-- What you are asked to do --
Look through the entries below. Say how many lines include "Labrador", with nothing added.

-- Entries provided --

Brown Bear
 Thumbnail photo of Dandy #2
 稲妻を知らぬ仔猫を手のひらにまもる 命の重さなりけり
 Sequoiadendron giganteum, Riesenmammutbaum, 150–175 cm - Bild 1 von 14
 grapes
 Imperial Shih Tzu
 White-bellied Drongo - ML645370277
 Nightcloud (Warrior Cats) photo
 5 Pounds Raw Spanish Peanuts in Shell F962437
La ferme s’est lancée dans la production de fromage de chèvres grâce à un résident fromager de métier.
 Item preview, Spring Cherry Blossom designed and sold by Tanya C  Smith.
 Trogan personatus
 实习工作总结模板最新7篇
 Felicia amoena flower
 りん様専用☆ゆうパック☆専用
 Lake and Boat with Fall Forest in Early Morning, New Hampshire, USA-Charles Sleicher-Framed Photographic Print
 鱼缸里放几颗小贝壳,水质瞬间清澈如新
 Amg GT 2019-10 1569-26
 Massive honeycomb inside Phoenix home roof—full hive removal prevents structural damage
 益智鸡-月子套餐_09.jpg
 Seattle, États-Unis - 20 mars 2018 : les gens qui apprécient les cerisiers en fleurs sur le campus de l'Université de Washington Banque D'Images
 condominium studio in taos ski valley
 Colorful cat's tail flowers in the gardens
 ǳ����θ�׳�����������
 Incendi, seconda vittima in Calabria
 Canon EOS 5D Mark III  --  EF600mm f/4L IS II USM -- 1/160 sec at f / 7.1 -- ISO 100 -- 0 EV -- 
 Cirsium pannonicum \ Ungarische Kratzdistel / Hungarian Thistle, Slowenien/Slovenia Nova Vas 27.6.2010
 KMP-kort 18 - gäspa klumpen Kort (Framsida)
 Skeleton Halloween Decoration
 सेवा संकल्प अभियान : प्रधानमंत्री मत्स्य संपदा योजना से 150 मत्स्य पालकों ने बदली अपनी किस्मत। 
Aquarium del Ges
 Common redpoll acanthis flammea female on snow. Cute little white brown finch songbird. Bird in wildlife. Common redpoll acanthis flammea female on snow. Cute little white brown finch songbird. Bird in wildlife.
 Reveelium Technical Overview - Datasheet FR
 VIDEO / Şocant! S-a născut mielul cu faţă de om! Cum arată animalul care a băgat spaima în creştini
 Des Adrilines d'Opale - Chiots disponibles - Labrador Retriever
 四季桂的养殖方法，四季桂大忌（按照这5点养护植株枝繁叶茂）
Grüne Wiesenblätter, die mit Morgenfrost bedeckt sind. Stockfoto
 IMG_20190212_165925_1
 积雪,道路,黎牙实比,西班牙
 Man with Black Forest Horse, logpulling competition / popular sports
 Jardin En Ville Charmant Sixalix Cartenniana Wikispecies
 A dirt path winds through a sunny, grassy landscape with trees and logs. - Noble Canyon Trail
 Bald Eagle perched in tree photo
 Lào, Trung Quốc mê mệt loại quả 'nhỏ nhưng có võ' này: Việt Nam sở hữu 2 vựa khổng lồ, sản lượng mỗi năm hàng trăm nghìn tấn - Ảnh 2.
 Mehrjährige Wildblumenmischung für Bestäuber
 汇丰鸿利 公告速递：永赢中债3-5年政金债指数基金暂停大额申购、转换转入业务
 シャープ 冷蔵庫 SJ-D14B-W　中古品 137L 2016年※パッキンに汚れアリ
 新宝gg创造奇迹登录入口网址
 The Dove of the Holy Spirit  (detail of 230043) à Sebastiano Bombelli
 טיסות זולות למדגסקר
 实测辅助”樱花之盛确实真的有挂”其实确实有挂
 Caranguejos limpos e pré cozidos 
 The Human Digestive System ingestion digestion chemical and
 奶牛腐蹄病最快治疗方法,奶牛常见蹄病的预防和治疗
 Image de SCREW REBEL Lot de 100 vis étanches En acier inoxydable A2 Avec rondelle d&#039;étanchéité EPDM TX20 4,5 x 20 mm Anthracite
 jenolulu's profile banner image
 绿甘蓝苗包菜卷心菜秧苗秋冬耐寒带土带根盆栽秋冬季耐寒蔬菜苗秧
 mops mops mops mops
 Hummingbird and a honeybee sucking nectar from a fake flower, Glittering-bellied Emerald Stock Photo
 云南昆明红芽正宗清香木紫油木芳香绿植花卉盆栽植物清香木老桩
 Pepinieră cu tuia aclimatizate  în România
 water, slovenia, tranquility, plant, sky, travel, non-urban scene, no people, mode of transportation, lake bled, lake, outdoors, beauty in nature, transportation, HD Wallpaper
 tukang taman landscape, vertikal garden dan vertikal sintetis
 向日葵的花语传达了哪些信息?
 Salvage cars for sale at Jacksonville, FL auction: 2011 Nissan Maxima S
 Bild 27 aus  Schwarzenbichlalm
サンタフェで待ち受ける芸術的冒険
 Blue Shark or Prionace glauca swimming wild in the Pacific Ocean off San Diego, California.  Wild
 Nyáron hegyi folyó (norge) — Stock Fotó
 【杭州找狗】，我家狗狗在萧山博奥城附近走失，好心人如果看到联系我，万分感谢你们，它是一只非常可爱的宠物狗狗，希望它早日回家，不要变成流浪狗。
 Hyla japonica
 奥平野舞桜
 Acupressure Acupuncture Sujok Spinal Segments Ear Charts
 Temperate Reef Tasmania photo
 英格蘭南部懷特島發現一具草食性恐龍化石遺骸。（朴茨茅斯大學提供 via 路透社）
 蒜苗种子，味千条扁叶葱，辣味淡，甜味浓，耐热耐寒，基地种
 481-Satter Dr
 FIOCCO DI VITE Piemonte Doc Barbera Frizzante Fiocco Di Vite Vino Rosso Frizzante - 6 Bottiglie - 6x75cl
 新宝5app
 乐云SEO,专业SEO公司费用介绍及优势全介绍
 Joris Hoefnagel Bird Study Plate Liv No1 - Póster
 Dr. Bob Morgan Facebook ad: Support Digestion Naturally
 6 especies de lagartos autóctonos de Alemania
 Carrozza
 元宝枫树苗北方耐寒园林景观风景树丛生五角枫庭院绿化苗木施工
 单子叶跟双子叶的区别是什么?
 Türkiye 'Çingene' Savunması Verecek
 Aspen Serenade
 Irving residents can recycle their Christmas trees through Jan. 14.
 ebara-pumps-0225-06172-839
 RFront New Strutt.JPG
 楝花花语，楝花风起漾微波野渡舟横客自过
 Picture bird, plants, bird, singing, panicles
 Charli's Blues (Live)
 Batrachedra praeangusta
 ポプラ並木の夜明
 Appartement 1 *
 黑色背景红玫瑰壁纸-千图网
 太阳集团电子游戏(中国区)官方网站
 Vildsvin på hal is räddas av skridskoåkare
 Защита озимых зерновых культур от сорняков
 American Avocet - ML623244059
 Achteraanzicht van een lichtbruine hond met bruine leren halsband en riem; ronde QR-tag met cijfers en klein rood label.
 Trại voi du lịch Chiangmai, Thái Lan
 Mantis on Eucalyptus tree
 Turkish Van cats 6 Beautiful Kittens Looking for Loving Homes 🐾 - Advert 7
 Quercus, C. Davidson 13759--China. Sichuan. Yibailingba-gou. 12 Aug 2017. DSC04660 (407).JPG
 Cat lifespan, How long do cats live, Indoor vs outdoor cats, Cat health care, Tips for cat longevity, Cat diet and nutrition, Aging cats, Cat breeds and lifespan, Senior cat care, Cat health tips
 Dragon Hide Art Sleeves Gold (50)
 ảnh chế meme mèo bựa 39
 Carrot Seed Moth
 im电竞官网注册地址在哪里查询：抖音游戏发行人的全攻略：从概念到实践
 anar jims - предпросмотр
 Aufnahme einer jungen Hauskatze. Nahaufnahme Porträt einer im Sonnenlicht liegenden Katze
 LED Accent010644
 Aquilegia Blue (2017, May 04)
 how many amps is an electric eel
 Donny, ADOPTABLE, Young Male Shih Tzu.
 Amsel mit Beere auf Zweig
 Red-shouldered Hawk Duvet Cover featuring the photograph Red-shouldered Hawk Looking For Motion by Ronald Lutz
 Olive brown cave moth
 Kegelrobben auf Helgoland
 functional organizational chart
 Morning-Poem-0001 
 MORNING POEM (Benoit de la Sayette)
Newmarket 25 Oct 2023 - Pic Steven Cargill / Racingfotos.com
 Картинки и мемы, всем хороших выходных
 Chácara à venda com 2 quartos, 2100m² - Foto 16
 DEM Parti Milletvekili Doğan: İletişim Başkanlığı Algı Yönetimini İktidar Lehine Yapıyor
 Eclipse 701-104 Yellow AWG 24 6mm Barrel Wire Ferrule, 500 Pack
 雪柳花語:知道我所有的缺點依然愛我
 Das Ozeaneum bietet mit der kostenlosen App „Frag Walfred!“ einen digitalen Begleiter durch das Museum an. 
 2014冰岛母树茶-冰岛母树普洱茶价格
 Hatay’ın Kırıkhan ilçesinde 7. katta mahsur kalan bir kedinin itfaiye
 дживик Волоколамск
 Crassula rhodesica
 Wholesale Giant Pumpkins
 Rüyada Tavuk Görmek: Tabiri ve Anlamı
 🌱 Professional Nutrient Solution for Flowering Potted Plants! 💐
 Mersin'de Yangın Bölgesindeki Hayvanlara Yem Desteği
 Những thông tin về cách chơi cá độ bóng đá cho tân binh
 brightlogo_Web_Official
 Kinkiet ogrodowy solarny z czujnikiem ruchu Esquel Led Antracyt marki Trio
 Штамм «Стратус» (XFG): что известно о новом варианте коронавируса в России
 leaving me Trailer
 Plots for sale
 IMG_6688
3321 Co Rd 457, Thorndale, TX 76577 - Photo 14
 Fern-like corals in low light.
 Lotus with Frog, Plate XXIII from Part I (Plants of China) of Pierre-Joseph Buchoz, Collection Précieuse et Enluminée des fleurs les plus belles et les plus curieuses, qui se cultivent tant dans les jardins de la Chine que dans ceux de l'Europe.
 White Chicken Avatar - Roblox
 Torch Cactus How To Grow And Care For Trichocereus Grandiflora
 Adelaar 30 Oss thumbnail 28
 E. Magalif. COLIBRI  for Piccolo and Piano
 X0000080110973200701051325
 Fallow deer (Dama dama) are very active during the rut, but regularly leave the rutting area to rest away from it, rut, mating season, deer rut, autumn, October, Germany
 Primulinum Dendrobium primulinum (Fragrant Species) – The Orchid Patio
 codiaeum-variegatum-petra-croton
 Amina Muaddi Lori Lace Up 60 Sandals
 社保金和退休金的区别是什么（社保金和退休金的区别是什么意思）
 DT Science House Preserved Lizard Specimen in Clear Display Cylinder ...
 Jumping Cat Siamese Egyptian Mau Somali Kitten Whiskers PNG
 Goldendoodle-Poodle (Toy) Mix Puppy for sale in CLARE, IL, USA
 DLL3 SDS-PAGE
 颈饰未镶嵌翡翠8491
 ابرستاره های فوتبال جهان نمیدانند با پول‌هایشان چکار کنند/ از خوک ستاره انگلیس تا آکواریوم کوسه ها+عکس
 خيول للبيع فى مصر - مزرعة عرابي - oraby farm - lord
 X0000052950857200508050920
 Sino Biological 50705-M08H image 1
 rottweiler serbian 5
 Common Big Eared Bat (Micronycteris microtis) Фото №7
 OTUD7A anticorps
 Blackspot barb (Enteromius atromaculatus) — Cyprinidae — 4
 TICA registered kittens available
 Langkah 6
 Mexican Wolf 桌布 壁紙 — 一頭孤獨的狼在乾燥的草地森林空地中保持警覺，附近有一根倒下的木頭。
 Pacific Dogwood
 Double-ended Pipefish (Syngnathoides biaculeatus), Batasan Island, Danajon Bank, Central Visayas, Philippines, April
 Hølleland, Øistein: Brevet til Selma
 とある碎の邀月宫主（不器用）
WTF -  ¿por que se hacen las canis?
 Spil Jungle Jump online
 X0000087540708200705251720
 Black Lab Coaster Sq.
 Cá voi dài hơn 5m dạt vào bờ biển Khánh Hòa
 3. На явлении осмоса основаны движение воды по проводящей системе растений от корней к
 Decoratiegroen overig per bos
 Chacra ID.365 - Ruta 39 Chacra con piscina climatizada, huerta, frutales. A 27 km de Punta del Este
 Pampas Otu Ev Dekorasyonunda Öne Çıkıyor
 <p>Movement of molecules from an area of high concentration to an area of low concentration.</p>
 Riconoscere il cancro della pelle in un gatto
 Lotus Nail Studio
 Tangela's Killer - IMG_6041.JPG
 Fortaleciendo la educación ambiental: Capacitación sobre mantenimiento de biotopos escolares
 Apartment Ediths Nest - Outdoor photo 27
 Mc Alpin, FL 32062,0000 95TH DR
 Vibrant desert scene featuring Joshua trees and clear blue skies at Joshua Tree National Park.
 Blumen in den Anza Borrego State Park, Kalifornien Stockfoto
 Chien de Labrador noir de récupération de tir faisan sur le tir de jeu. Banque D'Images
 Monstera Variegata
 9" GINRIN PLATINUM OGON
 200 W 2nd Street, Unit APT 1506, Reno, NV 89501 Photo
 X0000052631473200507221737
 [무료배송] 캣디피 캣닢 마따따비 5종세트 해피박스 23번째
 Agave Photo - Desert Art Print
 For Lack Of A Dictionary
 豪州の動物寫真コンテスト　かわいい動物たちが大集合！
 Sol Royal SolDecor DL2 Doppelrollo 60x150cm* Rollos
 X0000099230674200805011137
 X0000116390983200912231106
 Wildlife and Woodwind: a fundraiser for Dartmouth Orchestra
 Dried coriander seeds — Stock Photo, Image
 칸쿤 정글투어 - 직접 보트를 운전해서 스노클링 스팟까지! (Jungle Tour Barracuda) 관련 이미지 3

-- Solution --
2